From: Soheil Hassas Yeganeh <soheil.kdev@gmail.com>
To: davem@davemloft.net, netdev@vger.kernel.org
Cc: Soheil Hassas Yeganeh <soheil@google.com>,
Eric Dumazet <edumazet@google.com>,
Neal Cardwell <ncardwell@google.com>,
Yuchung Cheng <ycheng@google.com>, Lutz Vieweg <lvml@5t9.de>,
Florian Westphal <fw@strlen.de>
Subject: [PATCH net-next 2/2] tcp: remove tcp_tw_recycle
Date: Wed, 15 Mar 2017 16:30:46 -0400 [thread overview]
Message-ID: <20170315203046.158791-2-soheil.kdev@gmail.com> (raw)

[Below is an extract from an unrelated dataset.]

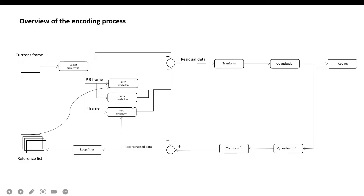Here is a brief introduction of the encoding process. For the current frame waiting to be encoded, first it needs to decide the frame type. If it is an I-frame, it only uses intra-prediction. If it is a P or B-frame, it uses intra-prediction or inter-prediction for each macroblock, depending on the cost of inter-prediction and intra-prediction. Then the original data minus prediction gives the residual data. It performs DCT and quantization on the residual data.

In-Reply-To: <20170315203046.158791-1-soheil.kdev@gmail.com>
From: Soheil Hassas Yeganeh <soheil@google.com>
The tcp_tw_recycle was already broken for connections
behind NAT, since the per-destination timestamp is not
monotonically increasing for multiple machines behind
a single destination address.
After the randomization of TCP timestamp offsets
in commit 8a5bd45f6616 (tcp: randomize tcp timestamp offsets
for each connection), the tcp_tw_recycle is broken for all
types of connections for the same reason: the timestamps
received from a single machine is not monotonically increasing,
anymore.
Remove tcp_tw_recycle, since it is not functional. Also, remove
the PAWSPassive SNMP counter since it is only used for
tcp_tw_recycle, and simplify tcp_v4_route_req and tcp_v6_route_req
since the strict argument is only set when tcp_tw_recycle is
enabled.
Signed-off-by: Soheil Hassas Yeganeh <soheil@google.com>
Signed-off-by: Eric Dumazet <edumazet@google.com>
Signed-off-by: Neal Cardwell <ncardwell@google.com>
Signed-off-by: Yuchung Cheng <ycheng@google.com>
Cc: Lutz Vieweg <lvml@5t9.de>
Cc: Florian Westphal <fw@strlen.de>
---
Documentation/networking/ip-sysctl.txt | 5 -----
include/net/netns/ipv4.h | 1 -
include/net/tcp.h | 3 +--
include/uapi/linux/snmp.h | 1 -
net/ipv4/proc.c | 1 -
net/ipv4/sysctl_net_ipv4.c | 7 -------
net/ipv4/tcp_input.c | 30 +++++-------------------------
net/ipv4/tcp_ipv4.c | 15 ++-------------
net/ipv6/tcp_ipv6.c | 5 +----
9 files changed, 9 insertions(+), 59 deletions(-)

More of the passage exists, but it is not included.